Start of Data to process
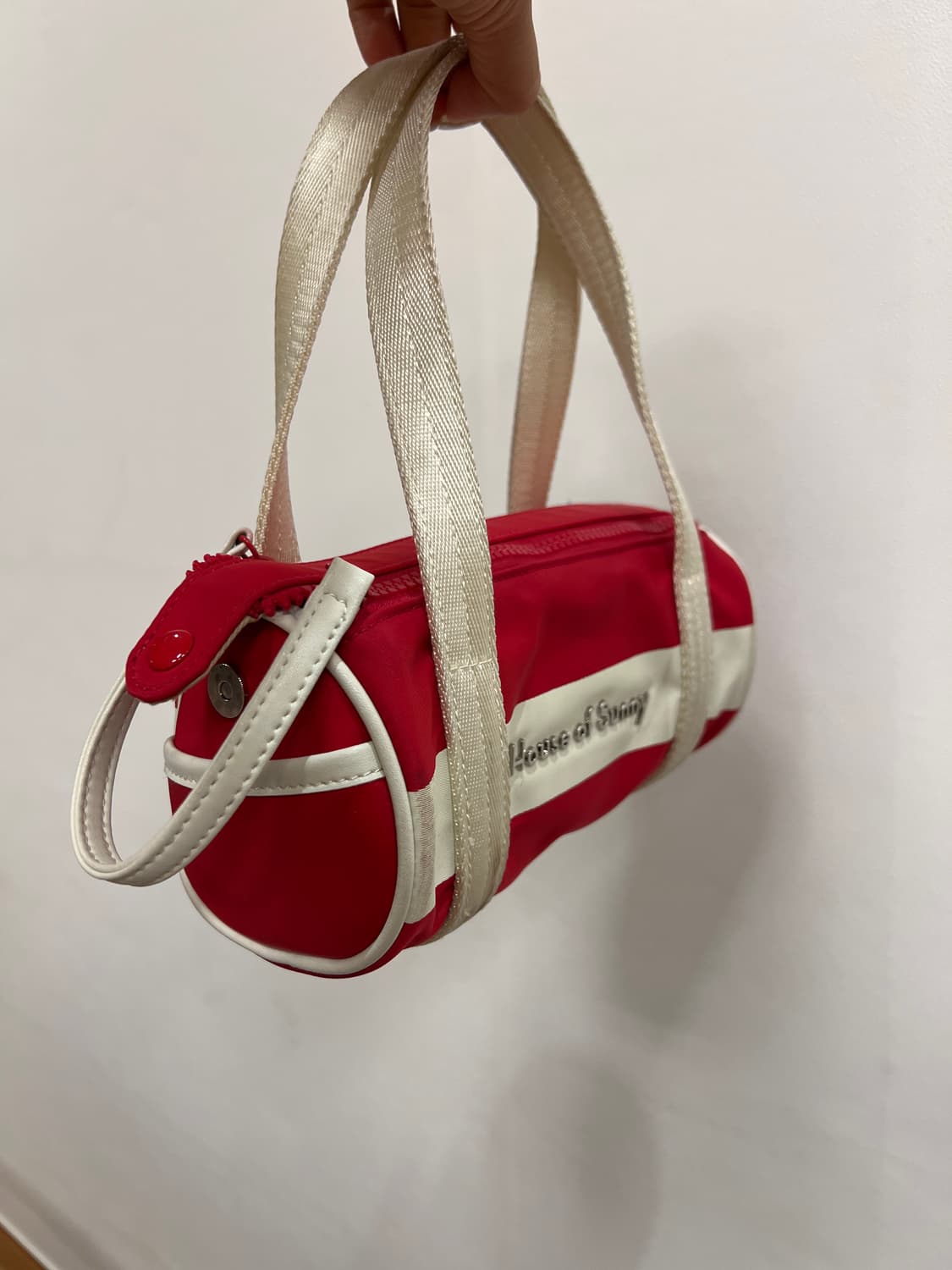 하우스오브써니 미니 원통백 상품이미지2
End of Data to process
Start of Data to process
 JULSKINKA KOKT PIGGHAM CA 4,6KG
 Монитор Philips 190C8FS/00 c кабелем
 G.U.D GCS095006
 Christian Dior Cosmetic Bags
End of Data to process
(Exercise objective)
The required answer is the run of lines above, starting at the line with "JULSKINKA KOKT PIGGHAM CA 4,6KG" and ending at the line with "Christian Dior Cosmetic Bags", reproduced exactly with both ends.

(Output for this task)
 JULSKINKA KOKT PIGGHAM CA 4,6KG
 Монитор Philips 190C8FS/00 c кабелем
 G.U.D GCS095006
 Christian Dior Cosmetic Bags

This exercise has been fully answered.